In addition to teaching positions at Harvard, Brandeis, St. John's College, Annapolis and NYU, Benardete taught Greek and Latin at the CUNY Latin/Greek Institute, and was a fellow for the National Endowment for the Humanities and the Carl Friedrich von Siemens Stiftung in Munich.
His publications range over the spectrum of classical texts and include works on Homer, Hesiod, Herodotus, the Attic tragedians, and most especially Plato and Aristotle.
Benardete's method of reading is described by his posture as a reader, following Strauss, in this way: the great writers in a tradition are to be treated as powerful thinkers who have complete control over what they say, how and when they said it, and what they omit.

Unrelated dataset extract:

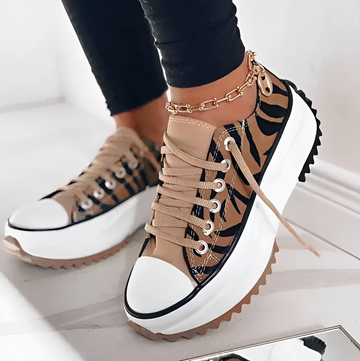 Caitlin - Hochwertige Schuhe mit niedrigem Schnitt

Further, each successive "great" writer in a tradition must be assumed to be fully aware and in control of the elements of the philosophical and artistic conversation that arises in the foundational texts.

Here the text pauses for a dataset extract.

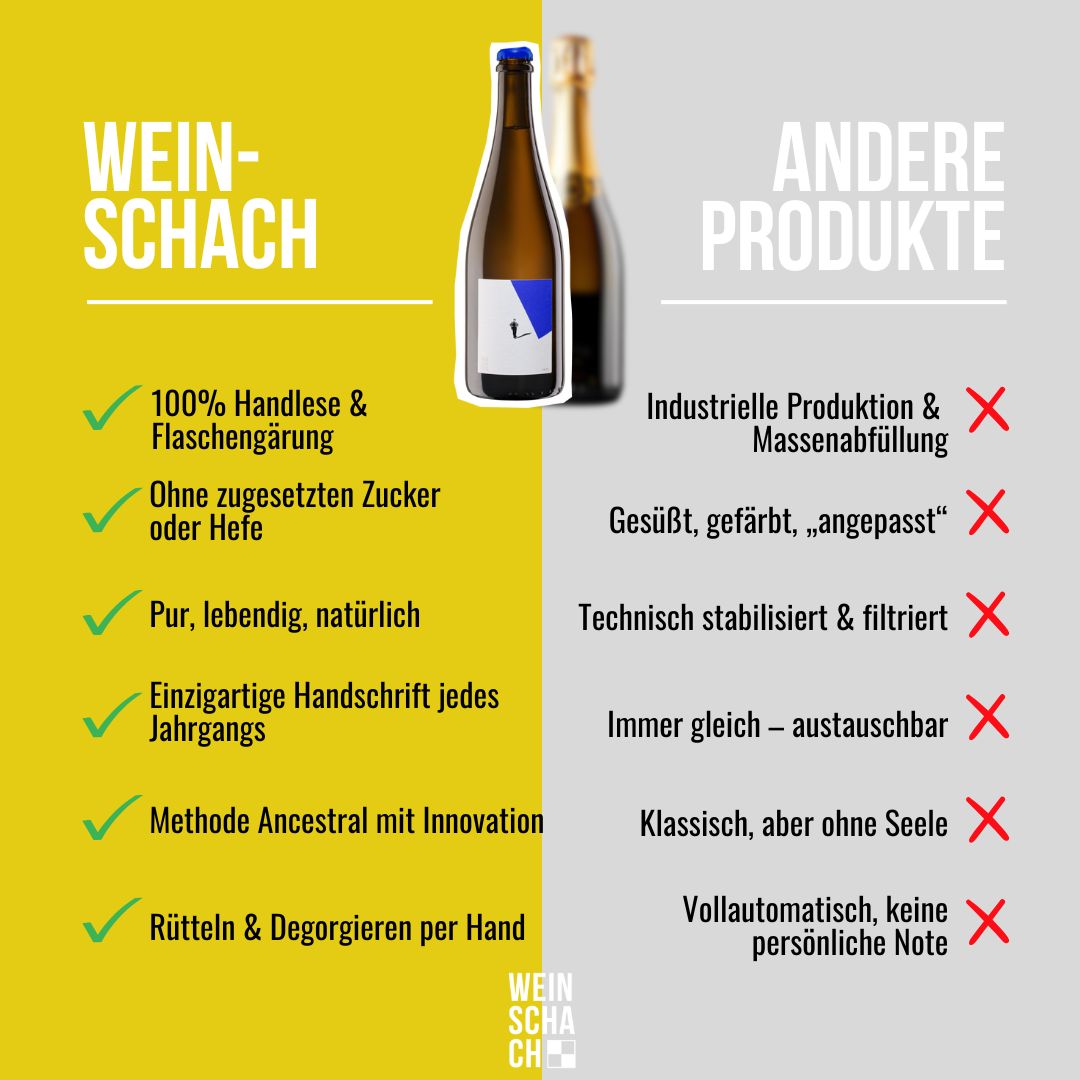 Kuratierte Genusskollektion – 3 Weine + Geschenk, kein Zufall.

In the spirit of the continuing engagement of moderns with the classical authors, Benardete showed great respect for the various traditions of commentary (the Alexandrians, the Byzantine editors, and the German tradition of Altertumswissenschaft) in contrast to more recent trends in scholarship which sometimes tend to homogenize the thought of great writers into their cultures and to adduce bits of textual evidence to prove a point without due regard to the entirety of the text from which it is excerpted.